Arduino DHTs on Interrupts Unleashed          (previously named Arduino_DHTs_on_Interrupt_steroids)

I'm giving you the screen shots of a few boards. Review those screen shots before deciding you really need to download and run this sketch. Maybe my screen shot of your board shows you all you need to know. That is all I do when I need to review a board's PCI ISR and Pin info.

Files you need to place in your sketch directory:

Arduino_DHTs_on_Interrupts_Unleashed.ino

ISRs.h

misc_maskportitems.h

structs.h

analog_pin_adjust.h

** External 5VDC power supply for your sensors may be required: Save yourself some frustration and use one while getting your system stable, THEN try without it. Otherwise you'll not really know if the lack of an external power supply is the cause of instabilites that may occur. The way I supply the extra supply voltage is from spare Arduinos - each Arduino powers 2 or 3 sensors, maybe more if you want to experiment.**

On the TTGO/WeMo XI:

-- a 10 second startup delay is required for the Serial to become functional.

-- sketch provides useful info but full functionality is not yet achieved due to insufficient flash memory of that board.
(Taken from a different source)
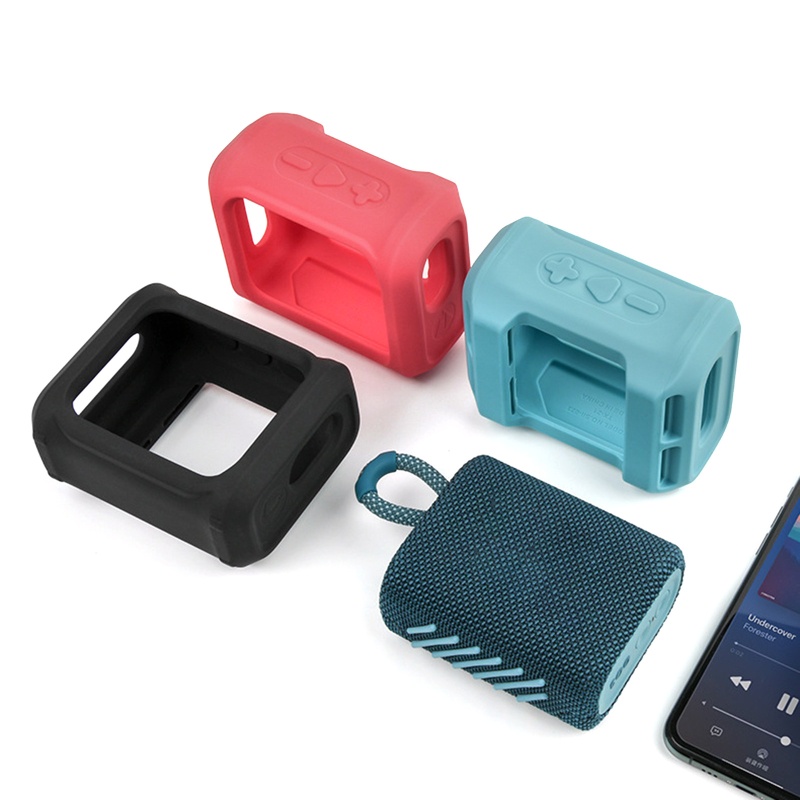 Btsg Soft Case Speaker Bluetooth JBL GO3 Bahan Silikon Dengan Strap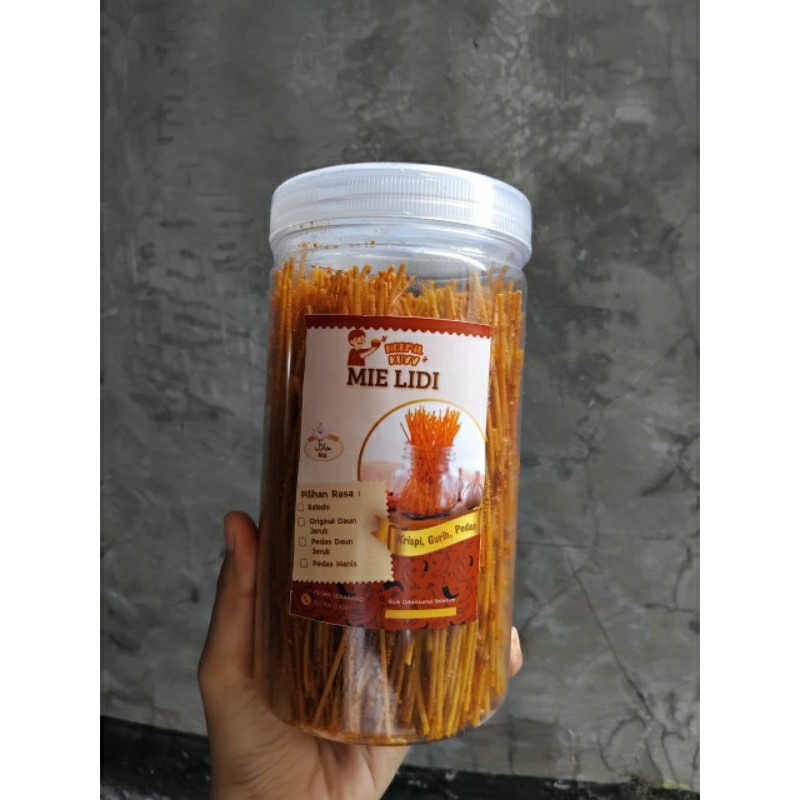 

MIE LIDI KECIL PEDAS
The main purpose for inventing the interrupt back in the day was to avoid the time waste of polling in a software loop. This project was developed because other DHT libraries that advertised interrupt useage still unnecessarily rely on polling as well, making their claimed use of interrupts virtually meaningless, not to mention their limitation of less DHT devices per board than necessary. You can read all the sensors you want to with proper application of the interrupt code posted here. Connect them all up and go - the PCI pins are identified and listed for you in setup() code by a probe function, and every device on any digital pin (PCI or not) is detected for you by another probe function. Note for the purist that these probing functions are actually executed in the order of device detect first, then PCI pin discover second. The sensors found on PCI pins will start streaming their data after the forced rest period, and readings will then become available. The last 5 readings (determined by the confidence level variable) from every device are stored along with the age of each sensor's most recent reading. Devices connected to pins NOT supported by PCIs will still be shown in the startup print, but this code won't operate them - you'll have to use legacy code to read those sensors. Just make sure that, if the legacy code uses interrupts, it doesn't disable interrupts for too long so as to interfere with this code. Empiric experimentation should enable you to adequately assess compatibility.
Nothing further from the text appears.